Make an exact copy of each entry, leaving out every picture.

#### RECORDS FOR THIS EXERCISE:
──────

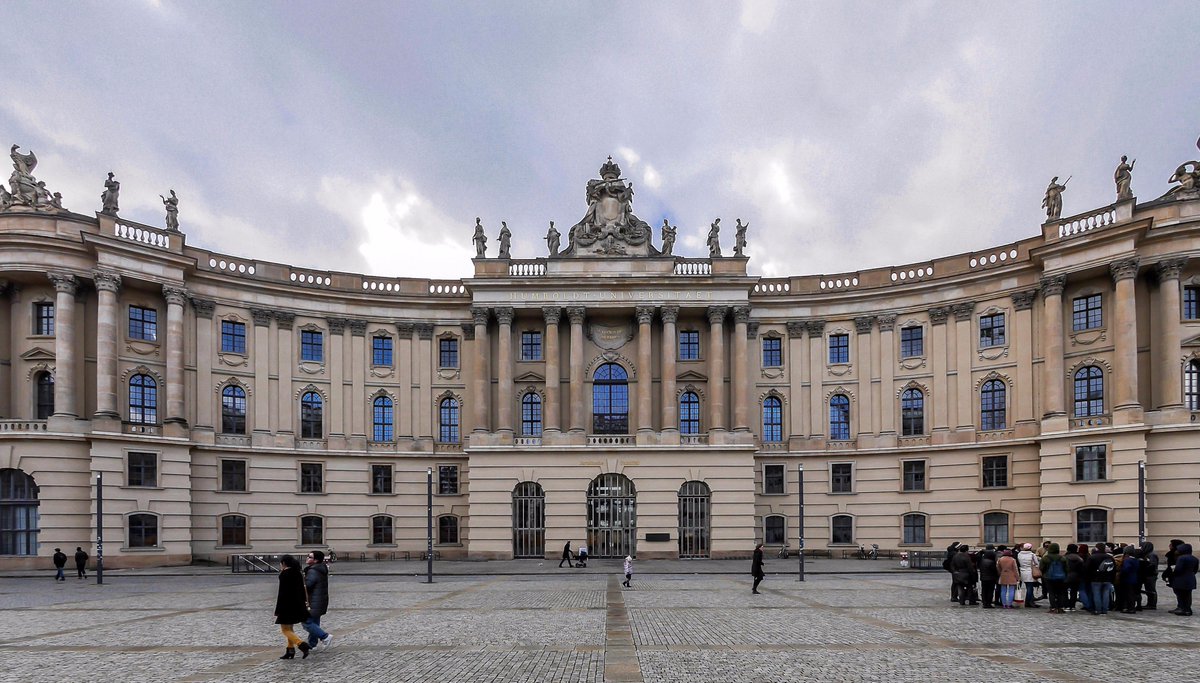 German Universities Are Going To Provide Free And Less Tuition Fees For Non-Europeans.
#germany #germanuniversities #education #studyabroad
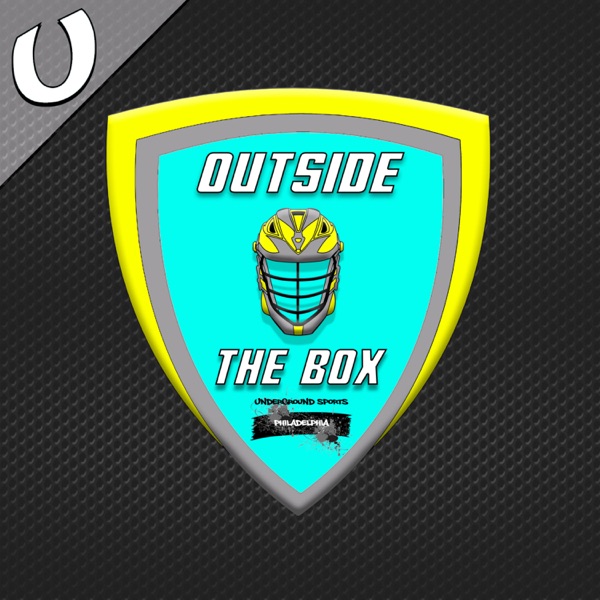 Outside The Box Podcast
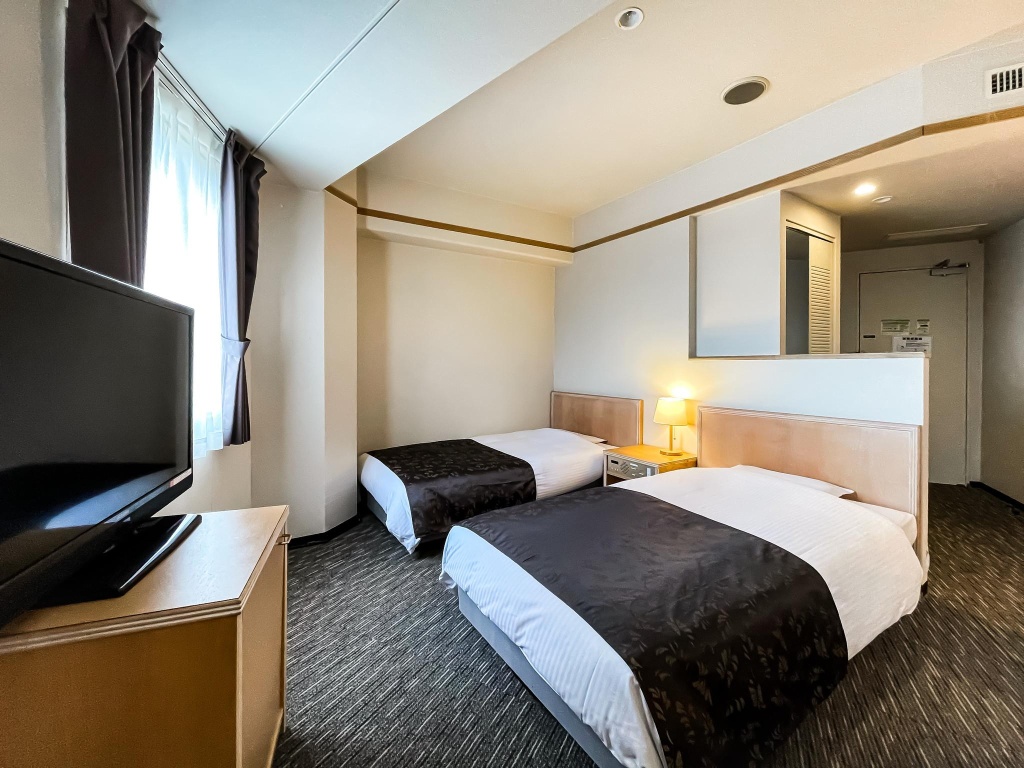 APA Hotel Kanazawa Nishi 사진 8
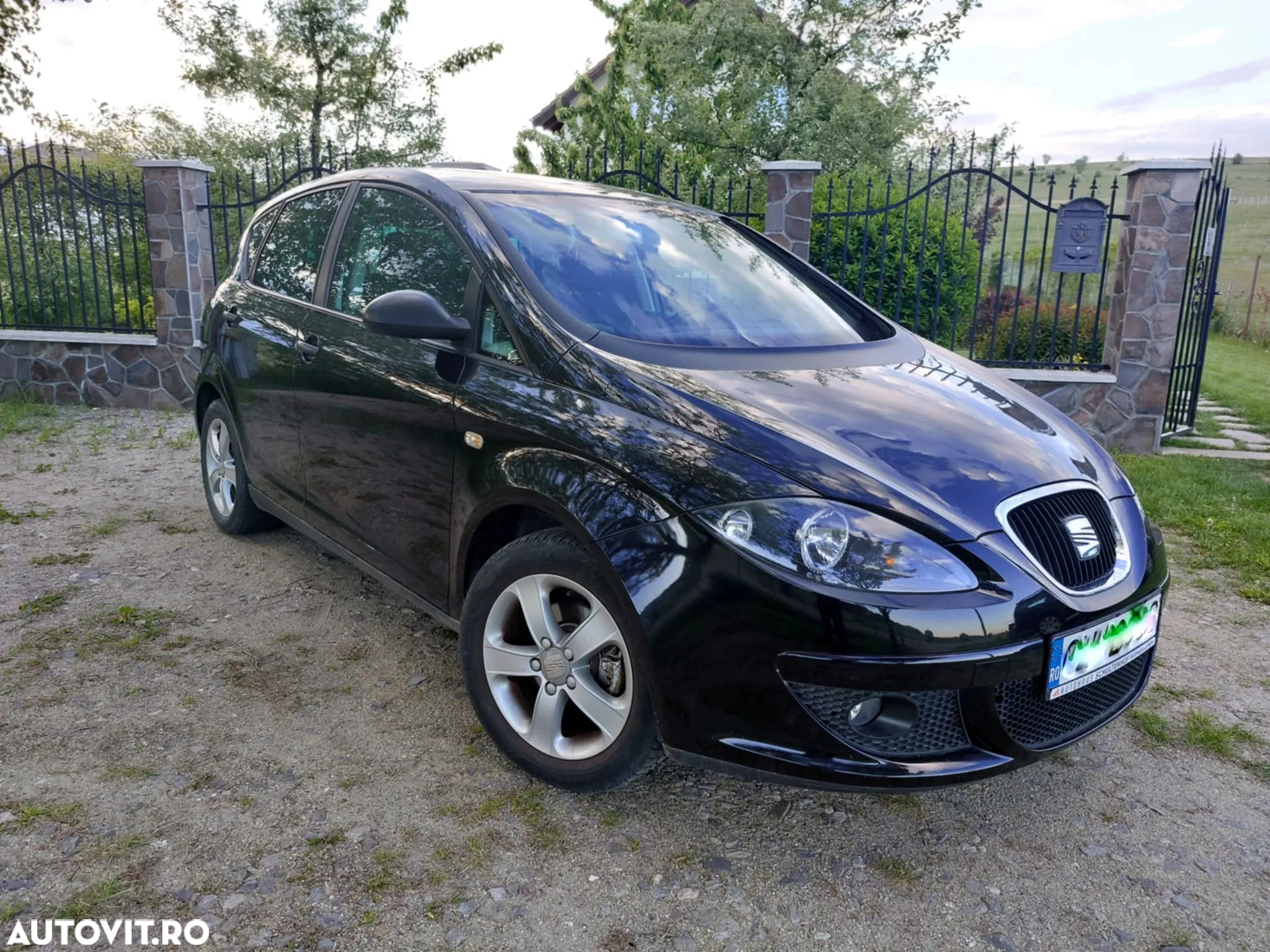 Seat Altea - 4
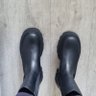 Schuhsohlenschlampe profil fotoğrafı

──────

#### EXPECTED OUTPUT:
 German Universities Are Going To Provide Free And Less Tuition Fees For Non-Europeans.
#germany #germanuniversities #education #studyabroad
 Outside The Box Podcast
 APA Hotel Kanazawa Nishi 사진 8
 Seat Altea - 4
 Schuhsohlenschlampe profil fotoğrafı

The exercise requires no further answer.